Florida State University’s interior design program ranked 10th on the Design Intelligence’s 13th annual report of America’s Best Architecture and Design Schools and earned one other distinct honor that is rare for an interior design school.

FSU is notorious in the education industry for many reasons, its interior design program aside. It is probably best known for being one of Florida’s flagship colleges; its two-thousand graduates each year, and its national ranking for programs stretching medicine, law, science, and the arts. It is also one of the ten percent of American schools to earn a chapter in the National Academic Honor Society.

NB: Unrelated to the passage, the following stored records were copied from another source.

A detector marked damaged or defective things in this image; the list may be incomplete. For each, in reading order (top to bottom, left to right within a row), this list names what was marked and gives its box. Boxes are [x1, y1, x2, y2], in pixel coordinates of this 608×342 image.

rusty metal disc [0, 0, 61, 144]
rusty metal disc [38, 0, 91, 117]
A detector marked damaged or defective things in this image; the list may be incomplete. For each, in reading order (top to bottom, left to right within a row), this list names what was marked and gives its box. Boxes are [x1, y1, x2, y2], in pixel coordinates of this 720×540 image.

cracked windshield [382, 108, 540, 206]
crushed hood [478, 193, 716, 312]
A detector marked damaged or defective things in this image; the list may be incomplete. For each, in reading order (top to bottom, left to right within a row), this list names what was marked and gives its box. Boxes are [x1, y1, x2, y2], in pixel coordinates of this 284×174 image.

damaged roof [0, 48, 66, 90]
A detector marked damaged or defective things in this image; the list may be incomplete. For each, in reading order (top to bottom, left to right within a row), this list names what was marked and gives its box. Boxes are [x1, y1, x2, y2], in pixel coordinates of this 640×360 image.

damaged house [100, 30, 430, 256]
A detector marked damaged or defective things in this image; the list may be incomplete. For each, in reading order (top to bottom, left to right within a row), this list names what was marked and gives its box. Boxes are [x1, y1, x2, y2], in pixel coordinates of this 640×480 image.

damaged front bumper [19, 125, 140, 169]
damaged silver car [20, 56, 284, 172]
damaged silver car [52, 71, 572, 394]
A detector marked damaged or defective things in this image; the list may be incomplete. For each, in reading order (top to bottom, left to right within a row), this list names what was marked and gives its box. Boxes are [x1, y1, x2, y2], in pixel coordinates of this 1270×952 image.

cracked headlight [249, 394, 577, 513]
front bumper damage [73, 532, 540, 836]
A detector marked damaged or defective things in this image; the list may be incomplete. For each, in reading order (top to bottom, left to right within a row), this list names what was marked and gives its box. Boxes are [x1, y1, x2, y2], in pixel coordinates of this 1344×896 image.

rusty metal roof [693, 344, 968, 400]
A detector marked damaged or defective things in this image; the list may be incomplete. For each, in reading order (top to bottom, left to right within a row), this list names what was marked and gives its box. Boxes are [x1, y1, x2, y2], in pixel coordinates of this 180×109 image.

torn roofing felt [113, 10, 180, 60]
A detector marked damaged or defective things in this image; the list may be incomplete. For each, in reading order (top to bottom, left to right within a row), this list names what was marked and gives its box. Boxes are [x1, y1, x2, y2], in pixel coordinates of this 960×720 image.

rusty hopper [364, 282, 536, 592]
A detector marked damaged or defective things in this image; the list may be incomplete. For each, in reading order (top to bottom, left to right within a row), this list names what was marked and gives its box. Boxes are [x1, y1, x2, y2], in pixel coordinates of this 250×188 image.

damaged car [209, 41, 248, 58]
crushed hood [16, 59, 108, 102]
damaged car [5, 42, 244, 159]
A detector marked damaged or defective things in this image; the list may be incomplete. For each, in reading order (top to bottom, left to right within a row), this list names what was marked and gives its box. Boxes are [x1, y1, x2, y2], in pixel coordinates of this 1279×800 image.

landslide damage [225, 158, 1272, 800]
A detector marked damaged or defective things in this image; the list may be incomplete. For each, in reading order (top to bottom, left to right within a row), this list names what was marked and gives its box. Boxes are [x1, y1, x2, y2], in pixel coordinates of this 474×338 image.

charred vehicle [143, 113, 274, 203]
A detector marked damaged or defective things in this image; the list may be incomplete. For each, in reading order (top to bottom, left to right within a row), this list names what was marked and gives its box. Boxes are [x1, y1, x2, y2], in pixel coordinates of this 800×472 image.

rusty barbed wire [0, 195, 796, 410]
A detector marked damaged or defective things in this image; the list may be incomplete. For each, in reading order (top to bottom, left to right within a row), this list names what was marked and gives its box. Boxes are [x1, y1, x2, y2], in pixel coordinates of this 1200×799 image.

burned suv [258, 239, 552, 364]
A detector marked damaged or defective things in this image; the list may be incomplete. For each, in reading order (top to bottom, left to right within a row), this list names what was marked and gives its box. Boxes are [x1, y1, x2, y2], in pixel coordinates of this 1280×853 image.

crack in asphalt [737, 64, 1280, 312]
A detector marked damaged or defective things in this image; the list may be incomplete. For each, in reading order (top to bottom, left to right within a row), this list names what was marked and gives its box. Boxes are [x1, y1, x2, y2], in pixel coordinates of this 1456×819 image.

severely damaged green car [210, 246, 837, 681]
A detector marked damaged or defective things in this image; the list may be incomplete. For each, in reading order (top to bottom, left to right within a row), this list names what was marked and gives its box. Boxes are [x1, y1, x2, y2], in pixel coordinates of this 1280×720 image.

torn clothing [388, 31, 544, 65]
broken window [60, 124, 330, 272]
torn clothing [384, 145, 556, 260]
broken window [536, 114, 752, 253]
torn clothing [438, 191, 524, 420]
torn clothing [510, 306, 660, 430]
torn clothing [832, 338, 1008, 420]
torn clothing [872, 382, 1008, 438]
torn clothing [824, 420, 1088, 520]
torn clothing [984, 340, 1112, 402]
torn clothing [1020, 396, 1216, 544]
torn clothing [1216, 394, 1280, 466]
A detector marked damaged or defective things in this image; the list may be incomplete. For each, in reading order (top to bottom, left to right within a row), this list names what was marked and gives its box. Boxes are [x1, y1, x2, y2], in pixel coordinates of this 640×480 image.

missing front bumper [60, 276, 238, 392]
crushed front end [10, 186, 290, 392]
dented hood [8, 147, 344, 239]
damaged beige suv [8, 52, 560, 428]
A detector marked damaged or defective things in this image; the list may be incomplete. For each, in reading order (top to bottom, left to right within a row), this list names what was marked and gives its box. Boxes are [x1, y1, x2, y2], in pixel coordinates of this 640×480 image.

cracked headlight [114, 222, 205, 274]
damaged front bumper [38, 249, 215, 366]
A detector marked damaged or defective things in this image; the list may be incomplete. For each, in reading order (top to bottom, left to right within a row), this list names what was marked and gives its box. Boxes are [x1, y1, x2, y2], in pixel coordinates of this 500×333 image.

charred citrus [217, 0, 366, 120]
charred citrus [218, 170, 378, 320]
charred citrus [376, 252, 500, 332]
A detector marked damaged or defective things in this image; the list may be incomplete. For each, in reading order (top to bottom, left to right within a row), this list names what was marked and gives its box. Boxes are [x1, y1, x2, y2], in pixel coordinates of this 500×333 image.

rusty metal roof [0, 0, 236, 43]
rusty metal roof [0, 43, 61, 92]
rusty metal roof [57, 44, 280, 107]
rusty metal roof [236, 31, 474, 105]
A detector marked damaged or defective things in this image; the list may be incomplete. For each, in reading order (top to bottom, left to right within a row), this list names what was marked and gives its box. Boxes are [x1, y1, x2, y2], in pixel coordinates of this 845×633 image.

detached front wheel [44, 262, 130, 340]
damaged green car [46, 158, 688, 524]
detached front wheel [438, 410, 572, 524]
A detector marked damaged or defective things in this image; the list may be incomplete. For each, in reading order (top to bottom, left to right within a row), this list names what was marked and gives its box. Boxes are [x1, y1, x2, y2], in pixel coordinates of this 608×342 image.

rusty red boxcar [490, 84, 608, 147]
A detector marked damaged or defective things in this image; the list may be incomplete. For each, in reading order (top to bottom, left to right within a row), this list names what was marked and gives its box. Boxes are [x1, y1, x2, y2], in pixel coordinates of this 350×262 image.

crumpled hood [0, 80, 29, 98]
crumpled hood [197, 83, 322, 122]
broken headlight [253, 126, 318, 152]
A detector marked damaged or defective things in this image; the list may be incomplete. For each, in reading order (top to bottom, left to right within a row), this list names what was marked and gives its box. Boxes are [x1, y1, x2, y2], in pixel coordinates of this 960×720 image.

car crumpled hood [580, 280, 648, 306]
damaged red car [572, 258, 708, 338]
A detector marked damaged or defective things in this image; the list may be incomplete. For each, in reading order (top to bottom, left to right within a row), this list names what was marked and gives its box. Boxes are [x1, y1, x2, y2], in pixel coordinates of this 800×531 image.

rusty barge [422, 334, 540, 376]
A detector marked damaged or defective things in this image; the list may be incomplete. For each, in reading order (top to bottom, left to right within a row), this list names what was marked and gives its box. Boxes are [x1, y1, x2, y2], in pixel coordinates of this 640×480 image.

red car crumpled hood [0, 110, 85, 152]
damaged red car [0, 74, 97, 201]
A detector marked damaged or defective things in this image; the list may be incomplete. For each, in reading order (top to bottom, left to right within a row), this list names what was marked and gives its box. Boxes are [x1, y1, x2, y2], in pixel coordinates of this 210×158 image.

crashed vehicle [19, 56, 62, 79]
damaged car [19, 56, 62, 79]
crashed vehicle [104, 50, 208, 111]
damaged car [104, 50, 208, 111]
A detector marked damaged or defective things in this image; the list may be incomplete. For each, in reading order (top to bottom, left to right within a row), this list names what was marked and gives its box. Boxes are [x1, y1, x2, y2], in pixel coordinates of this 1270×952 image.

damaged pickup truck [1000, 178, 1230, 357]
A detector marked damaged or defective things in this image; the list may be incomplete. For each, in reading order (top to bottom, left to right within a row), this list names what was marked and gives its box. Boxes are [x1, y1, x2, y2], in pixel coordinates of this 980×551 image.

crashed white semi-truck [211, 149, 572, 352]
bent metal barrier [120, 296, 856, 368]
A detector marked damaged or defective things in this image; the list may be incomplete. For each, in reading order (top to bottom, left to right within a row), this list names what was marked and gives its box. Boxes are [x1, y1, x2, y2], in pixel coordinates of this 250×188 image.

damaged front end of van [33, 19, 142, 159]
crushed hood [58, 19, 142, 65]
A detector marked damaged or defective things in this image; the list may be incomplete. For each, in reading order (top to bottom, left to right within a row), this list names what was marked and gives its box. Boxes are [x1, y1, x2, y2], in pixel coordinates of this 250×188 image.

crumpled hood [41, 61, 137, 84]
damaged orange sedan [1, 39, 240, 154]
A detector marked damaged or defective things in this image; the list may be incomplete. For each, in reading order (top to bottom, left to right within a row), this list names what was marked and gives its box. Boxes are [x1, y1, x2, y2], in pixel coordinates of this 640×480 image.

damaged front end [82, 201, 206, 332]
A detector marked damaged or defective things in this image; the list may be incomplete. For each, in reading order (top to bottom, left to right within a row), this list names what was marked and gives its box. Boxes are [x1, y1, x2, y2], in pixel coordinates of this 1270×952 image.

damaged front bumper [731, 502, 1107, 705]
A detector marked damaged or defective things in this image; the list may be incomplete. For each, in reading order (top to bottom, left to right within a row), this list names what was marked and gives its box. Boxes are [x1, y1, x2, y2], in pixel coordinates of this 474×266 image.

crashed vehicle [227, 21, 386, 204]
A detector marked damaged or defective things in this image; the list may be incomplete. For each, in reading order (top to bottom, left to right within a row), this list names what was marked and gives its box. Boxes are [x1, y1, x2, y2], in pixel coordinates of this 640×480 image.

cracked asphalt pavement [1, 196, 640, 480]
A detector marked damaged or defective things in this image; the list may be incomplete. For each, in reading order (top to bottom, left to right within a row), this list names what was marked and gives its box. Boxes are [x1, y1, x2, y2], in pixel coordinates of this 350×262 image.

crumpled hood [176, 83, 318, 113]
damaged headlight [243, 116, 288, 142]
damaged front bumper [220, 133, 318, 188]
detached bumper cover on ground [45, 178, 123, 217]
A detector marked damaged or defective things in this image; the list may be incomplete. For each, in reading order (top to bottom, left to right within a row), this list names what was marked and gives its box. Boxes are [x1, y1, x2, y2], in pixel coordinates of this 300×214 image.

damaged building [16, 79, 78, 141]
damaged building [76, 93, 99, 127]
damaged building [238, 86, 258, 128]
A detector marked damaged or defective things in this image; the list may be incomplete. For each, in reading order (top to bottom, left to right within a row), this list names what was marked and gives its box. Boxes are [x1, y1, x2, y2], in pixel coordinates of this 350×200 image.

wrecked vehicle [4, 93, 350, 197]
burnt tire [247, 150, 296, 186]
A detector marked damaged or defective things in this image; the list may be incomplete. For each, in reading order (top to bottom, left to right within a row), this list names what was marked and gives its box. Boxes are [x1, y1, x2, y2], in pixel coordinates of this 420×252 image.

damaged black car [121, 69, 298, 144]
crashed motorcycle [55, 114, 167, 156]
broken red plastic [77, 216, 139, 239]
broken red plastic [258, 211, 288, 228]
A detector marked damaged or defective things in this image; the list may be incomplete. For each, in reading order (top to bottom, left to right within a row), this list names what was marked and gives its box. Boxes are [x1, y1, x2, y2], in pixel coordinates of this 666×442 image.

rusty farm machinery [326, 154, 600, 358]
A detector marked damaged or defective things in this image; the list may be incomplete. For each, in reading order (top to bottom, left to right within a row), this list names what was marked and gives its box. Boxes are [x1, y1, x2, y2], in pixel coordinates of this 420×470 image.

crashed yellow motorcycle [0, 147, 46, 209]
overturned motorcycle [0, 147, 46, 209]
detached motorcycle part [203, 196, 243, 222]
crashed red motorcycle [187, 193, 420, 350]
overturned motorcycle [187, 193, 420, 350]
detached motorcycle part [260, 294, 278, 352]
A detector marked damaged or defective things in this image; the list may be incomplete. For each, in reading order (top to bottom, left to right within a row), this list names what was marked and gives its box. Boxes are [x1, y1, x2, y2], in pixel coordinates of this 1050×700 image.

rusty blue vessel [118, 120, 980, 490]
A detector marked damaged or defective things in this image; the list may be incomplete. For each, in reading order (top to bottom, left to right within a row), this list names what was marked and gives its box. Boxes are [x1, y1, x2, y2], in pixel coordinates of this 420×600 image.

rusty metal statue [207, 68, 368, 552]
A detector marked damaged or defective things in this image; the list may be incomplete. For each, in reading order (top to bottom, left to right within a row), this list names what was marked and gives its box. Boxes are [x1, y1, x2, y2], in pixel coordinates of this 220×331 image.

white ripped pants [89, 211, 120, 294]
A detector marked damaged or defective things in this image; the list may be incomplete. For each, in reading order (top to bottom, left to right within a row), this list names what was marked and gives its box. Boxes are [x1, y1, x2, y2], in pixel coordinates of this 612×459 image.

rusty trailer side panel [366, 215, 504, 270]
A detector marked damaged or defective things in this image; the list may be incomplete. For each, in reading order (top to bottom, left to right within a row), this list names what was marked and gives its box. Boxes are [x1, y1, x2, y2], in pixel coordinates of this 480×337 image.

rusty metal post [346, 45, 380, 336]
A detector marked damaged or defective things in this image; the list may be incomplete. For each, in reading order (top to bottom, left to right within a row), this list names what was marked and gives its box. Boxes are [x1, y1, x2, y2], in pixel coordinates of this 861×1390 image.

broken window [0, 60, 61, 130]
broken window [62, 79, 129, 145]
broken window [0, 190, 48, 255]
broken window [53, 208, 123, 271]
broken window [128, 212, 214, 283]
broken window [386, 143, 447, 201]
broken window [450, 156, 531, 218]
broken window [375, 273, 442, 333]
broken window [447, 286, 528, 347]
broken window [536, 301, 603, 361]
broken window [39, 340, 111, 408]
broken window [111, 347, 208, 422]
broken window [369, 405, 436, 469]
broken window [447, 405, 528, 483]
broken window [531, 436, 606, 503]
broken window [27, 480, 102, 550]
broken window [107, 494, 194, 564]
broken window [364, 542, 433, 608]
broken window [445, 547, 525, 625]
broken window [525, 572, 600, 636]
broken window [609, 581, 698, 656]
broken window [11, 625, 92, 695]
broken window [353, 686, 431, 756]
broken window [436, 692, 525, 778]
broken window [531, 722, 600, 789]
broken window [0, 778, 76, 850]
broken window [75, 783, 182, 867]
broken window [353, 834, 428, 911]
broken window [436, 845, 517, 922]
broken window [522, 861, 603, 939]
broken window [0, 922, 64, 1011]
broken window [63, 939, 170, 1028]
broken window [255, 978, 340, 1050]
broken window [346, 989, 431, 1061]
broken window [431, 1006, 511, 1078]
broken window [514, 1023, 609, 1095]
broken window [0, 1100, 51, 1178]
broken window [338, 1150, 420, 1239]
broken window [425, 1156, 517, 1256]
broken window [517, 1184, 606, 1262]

In addition to Design Intelligence’s list of best design schools, they also named the year’s Most Admired Educators; a list of only 25 teachers in the country who have the distinguished honor of making this list. Only five of the 25 names on the list are interior design instructors and FSU’s Lisa Waxman made the cut. Many aren’t surprised by the dual honors to the interior design school, considering the extensive awards the students and faculties accumulate each year.

In a report from FSU’s Libby Fairhurst, Lisa Waxman said that being the best comes by being responsive and on-time with today’s interior design issues. ““We strive to develop designers who are responsive to human needs, who hold the world’s natural resources in high regard, and who design functional as well as beautiful spaces that improve the quality of life,” the interior design school instructor said.

Design Intelligence has rated graphic arts, architectural, and interior design schools among others for more than a decade and is an important publication for casting applicable comparisons between education systems and the needs of the design industry.